» TASK INSTRUCTIONS
The reply should contain every line of the data, repeated exactly, and no pictures.

» DATA BLOCK
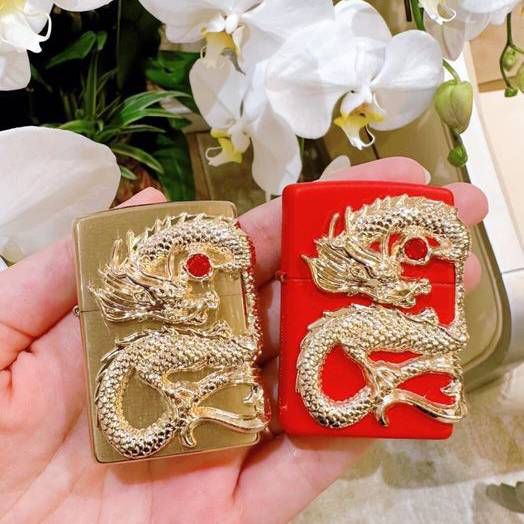 Bật lửa Zippo rồng Made in USA sẵn 2 màu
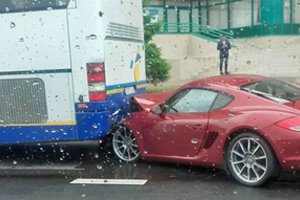 Judrioje Vilniaus gatvėje sudaužytas brangus „Porsche“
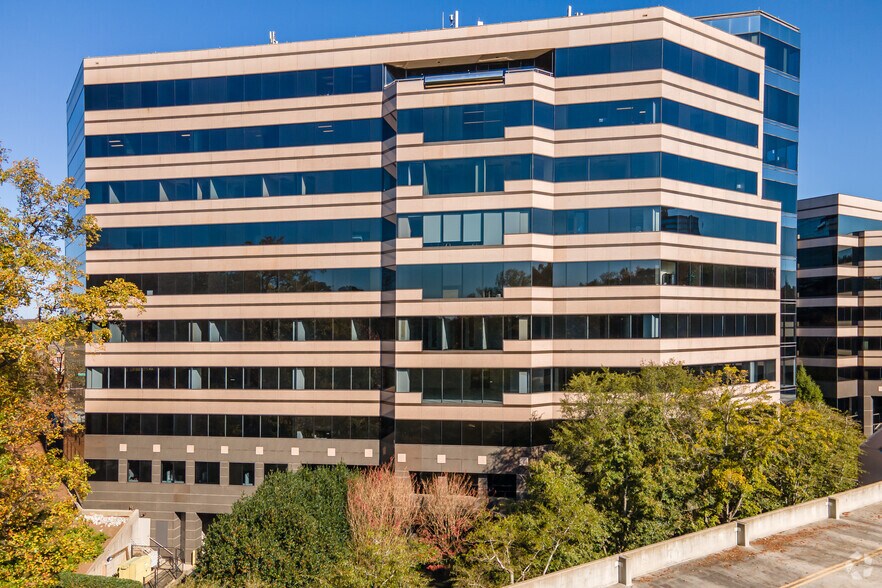 More Photos Of 5605 Glenridge Dr NE, Atlanta Office For Lease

» YOUR SOLUTION
 Bật lửa Zippo rồng Made in USA sẵn 2 màu
 Judrioje Vilniaus gatvėje sudaužytas brangus „Porsche“
 More Photos Of 5605 Glenridge Dr NE, Atlanta Office For Lease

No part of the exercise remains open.